Across the street, various buildings and plots have transformed into new spaces. These oddly-shaped buildings—which sit along Grand River Avenue between St. Leo’s Church and the Grand Trunk Rail line at Warren—were built in the 1920s and 1950s.
Over the years they’ve served various functions, from a radiator shop to a grocery store. Now, as each renovation is completed, they once again work cohesively together.
A building dubbed Sawtooth houses a commissary kitchen and private event space, Astro Coffee Roaster, and the newly opened Ochre Bakery. Another building, called the Pie, sits at the angular corner of Grand River and Warren avenues. Prince Concepts has opened up some of the building, and it now houses Lafayette American Ad Agency and Casting de Khrysophia jewelry designer.
A new restaurant, Magnet, will open nearby in what was an auto repair shop.
(Not everyone has had a smooth transition: Kafka and a longtime boxing gym tenant have recently had disputes over rent.)
And in between these two buildings, on what was for decades a parking lot, a new park has bloomed, with locust and dogwood trees, as well as benches repurposed from walls of a nearby building and remnants of the firehouse that once stood there. Prince Concepts worked with Landscape Architect Julie Bergman of D.I.R.T. Studio to transform the pavement into an 8,000-square-foot urban park; it officially opened May 10.
The Powerplant Building (formerly Architectural Salvage Warehouse which has since moved to a new location in Islandview), will serve as a covered extension of the park. In warmer weather, a garage door can open allowing local vendors inside to set up like a bazaar, selling local goods. It’s slated to be finished by the end of August.
“The idea is that you can use the things you buy in the public space of the building or in the park, too,” says Kafka. “Read, play chess, have a little picnic.”
But it’s the building now called 5K, which sits between Warren Avenue and the Grand Trunk rail line, that could be one of the more unusual and inspired transformations in the area. Built as a grocery store in the 1950s, future plans call for a complete reimagining of the space.
On one long side of the building, eight apartments will somehow fit, four across and two rows high. Commercial spaces and a newspaper stand facing Warren Avenue will be added to the other side. Prince Concepts is working with Undecorated Architects on this project.

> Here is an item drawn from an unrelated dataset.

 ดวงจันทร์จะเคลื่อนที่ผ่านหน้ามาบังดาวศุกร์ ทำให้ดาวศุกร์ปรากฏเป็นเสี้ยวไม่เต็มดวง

“Instead of trying to bring a utilitarian building with no significant character back to life,” Kafka says, “we wanted to use existing assets.”
Describing it as “a maze of residential and commercial spaces that are both cozy and ceremonial,” the building will keep the terrazzo floors and 20-foot ceilings of the 13,500-square-foot structure intact. Designs by architect Ish Rafiuddin call for cutting off sections of the roof, which already needed to be replaced, to create courtyards within the buildings that let in more natural light.
He likens the building to the one in Eastern Market which now houses Trinosophes—if the roof was cut out and trees filled an interior courtyard.
“We’re taking this project so far because our renovation projects are about communicating possibility,” he says. “What’s the most we can make with what the past has given us? How can we use the assets, but also improve and enhance what we’ve been given? What is actually possible? We are not interested, as much, in what is simply easy.”
Work is still underway next to True North. A house just south of the huts is currently being renovated, and next to that, a flower farm will soon bloom. And we haven’t seen the last changes for the Quonset huts—a longer, sushi-like row called Caterpillar could be built in the future.
When Kafka talks about all these myriad changes in the area, he speaks in grandiose, but inspired ways. “My overall vision is to create a neighborhood that allows current residents, future residents, and myself the space and place to live a life that is a work of art—a life that is a personal expression,” says Kafka. “That’s the magic of Detroit.”
The term “mixed-use” is a catchall in development. But here, a lot of thought has been put into how buildings can work with the space that’s available.